Beginning at the line that holds "Moravsti Vlci Apartment *" and continuing to the last line of the data below, transcribe every line word for word, without pictures.

=== Provided entries ===

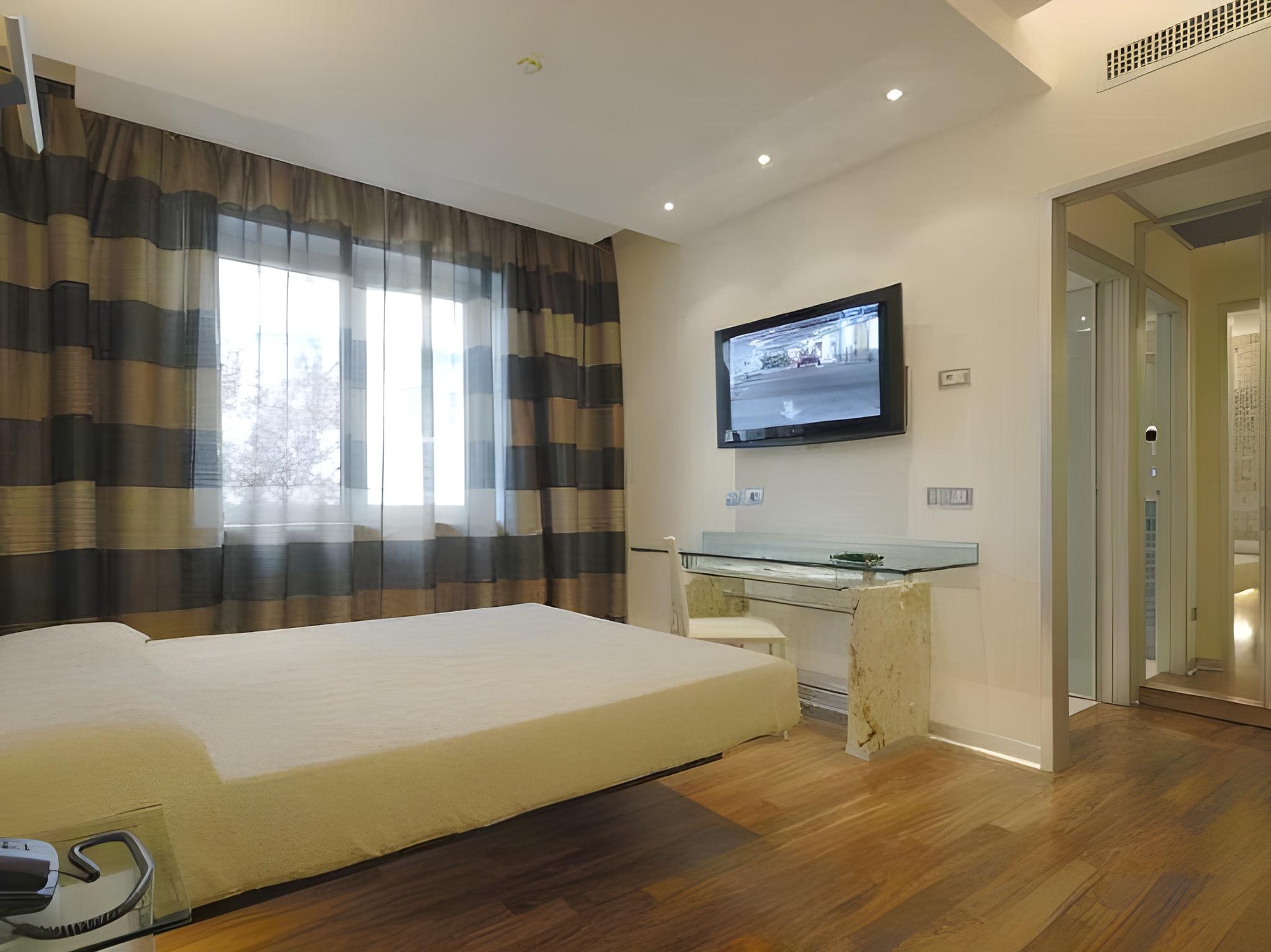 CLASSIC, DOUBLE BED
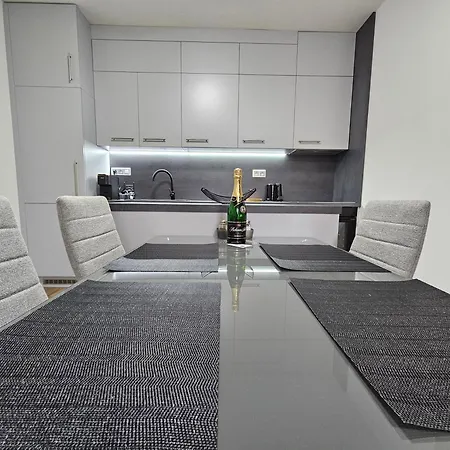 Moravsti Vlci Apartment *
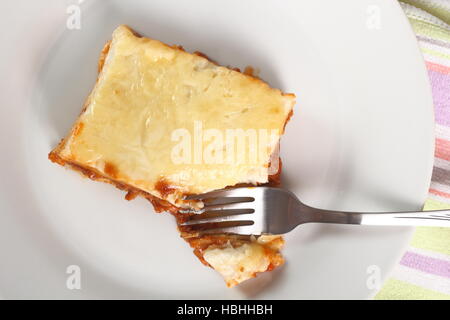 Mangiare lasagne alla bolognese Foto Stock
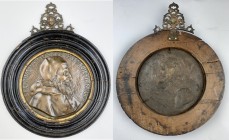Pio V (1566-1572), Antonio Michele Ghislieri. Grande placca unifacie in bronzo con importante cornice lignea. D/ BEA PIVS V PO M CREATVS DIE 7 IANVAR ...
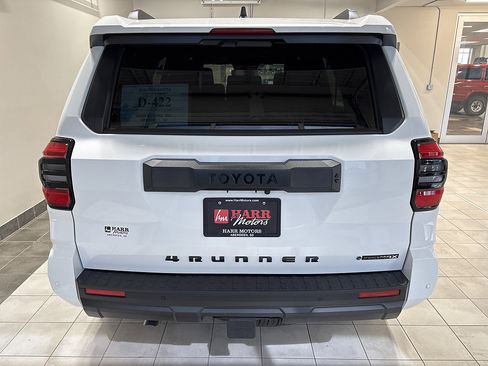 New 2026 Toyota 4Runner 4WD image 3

===

Response to this task -
 Moravsti Vlci Apartment *
 Mangiare lasagne alla bolognese Foto Stock
Pio V (1566-1572), Antonio Michele Ghislieri. Grande placca unifacie in bronzo con importante cornice lignea. D/ BEA PIVS V PO M CREATVS DIE 7 IANVAR ...
 New 2026 Toyota 4Runner 4WD image 3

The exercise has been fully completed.